For the most part, I'll treat correlation and linear regression as different aspects of a single analysis, and you can consider correlation/linear regression to be a single statistical test. Be aware that my approach is probably different from what you'll see elsewhere.
The main difference between correlation and regression is that in correlation, you sample both measurement variables randomly from a population, while in regression you choose the values of the independent (X) variable. For example, let's say you're a forensic anthropologist, interested in the relationship between foot length and body height in humans. If you find a severed foot at a crime scene, you'd like to be able to estimate the height of the person it was severed from. You measure the foot length and body height of a random sample of humans, get a significant P value, and calculate r2 to be 0.72. This is a correlation, because you took measurements of both variables on a random sample of people. The r2 is therefore a meaningful estimate of the strength of the association between foot length and body height in humans, and you can compare it to other r2 values. You might want to see if the r2 for feet and height is larger or smaller than the r2 for hands and height, for example.
As an example of regression, let's say you've decided forensic anthropology is too disgusting, so now you're interested in the effect of air temperature on running speed in lizards. You put some lizards in a temperature chamber set to 10°C, chase them, and record how fast they run. You do the same for 10 different temperatures, ranging up to 30°C. This is a regression, because you decided which temperatures to use. You'll probably still want to calculate r2, just because high values are more impressive. But it's not a very meaningful estimate of anything about lizards. This is because the r2 depends on the values of the independent variable that you chose. For the exact same relationship between temperature and running speed, a narrower range of temperatures would give a smaller r2. Here are three graphs showing some simulated data, with the same scatter (standard deviation) of Y values at each value of X. As you can see, with a narrower range of X values, the r2 gets smaller. If you did another experiment on humidity and running speed in your lizards and got a lower r2, you couldn't say that running speed is more strongly associated with temperature than with humidity; if you had chosen a narrower range of temperatures and a broader range of humidities, humidity might have had a larger r2 than temperature.

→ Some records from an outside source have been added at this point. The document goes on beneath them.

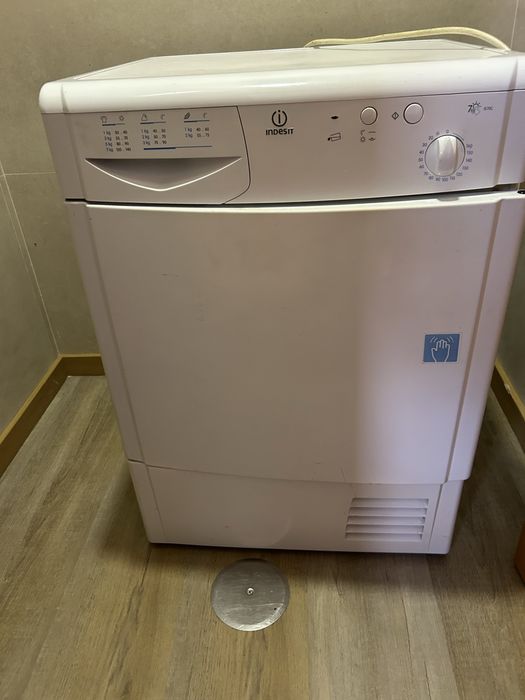 Maquina de secar INDESIT bomba de calor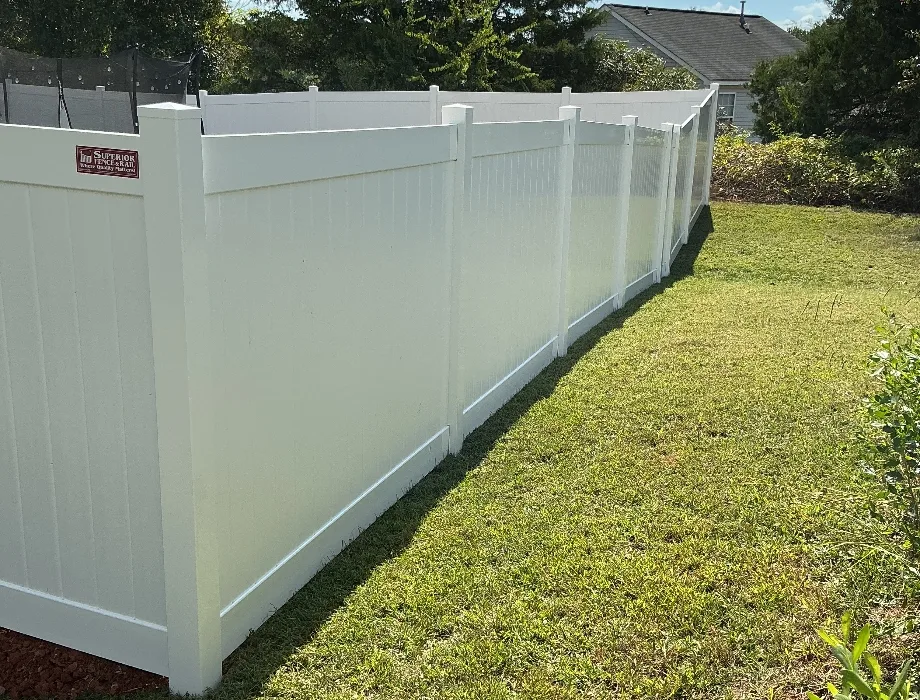 6'H White Hamilton #3 [ 8' OC No-Dig GR w/LP ] Vinyl Privacy Fence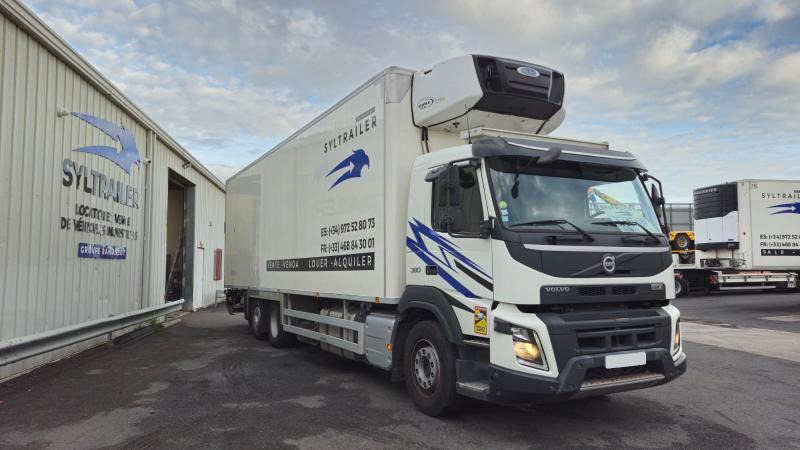 Volvo FMX (LOCATION / RENT) 380 - Samochód ciężarowy chłodnia: zdjęcie 1 Volvo FMX (LOCATION / RENT) 380 - Samochód ciężarowy chłodnia: zdjęcie 1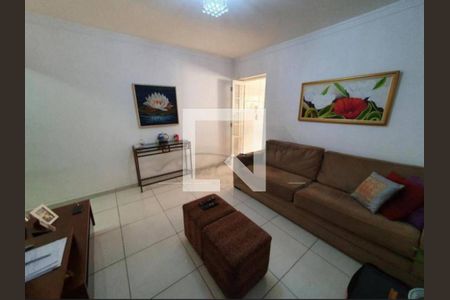 Casa à venda com 3 quartos, 210m² em Cambuci, São Paulo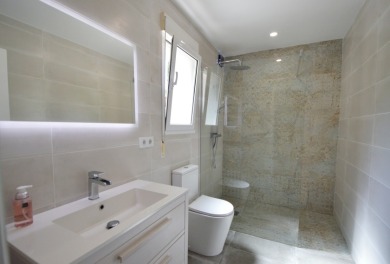 Luxury 4 bedroom villa with pool located in Javea - photo 12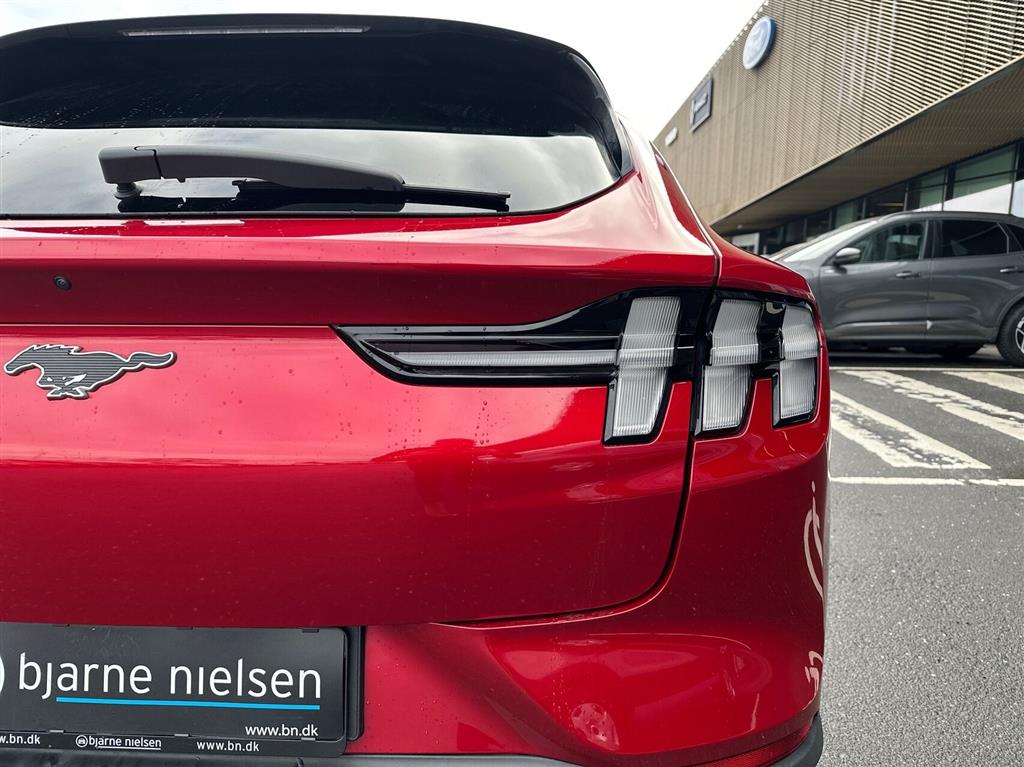 Ford Mustang Mach-E SR billede 18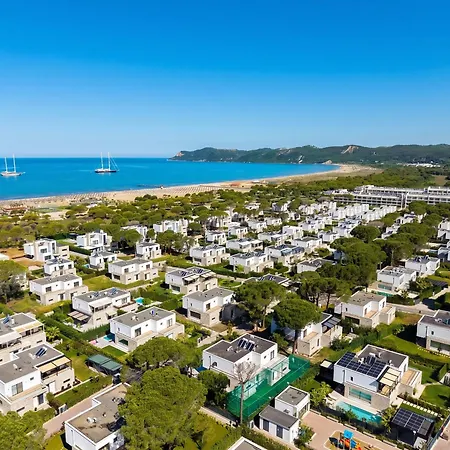 Beachside * Plazhi San Pietro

Simulated data showing the effect of the range of X values on the r2. For the exact same data, measuring Y over a smaller range of X values yields a smaller r2.
If you try to classify every experiment as either regression or correlation, you'll quickly find that there are many experiments that don't clearly fall into one category. For example, let's say that you study air temperature and running speed in lizards. You go out to the desert every Saturday for the eight months of the year that your lizards are active, measure the air temperature, then chase lizards and measure their speed. You haven't deliberately chosen the air temperature, just taken a sample of the natural variation in air temperature, so is it a correlation? But you didn't take a sample of the entire year, just those eight months, and you didn't pick days at random, just Saturdays, so is it a regression?
If you are mainly interested in using the P value for hypothesis testing, to see whether there is a relationship between the two variables, it doesn't matter whether you call the statistical test a regression or correlation. If you are interested in comparing the strength of the relationship (r2) to the strength of other relationships, you are doing a correlation and should design your experiment so that you measure X and Y on a random sample of individuals. If you determine the X values before you do the experiment, you are doing a regression and shouldn't interpret the r2 as an estimate of something general about the population you've observed.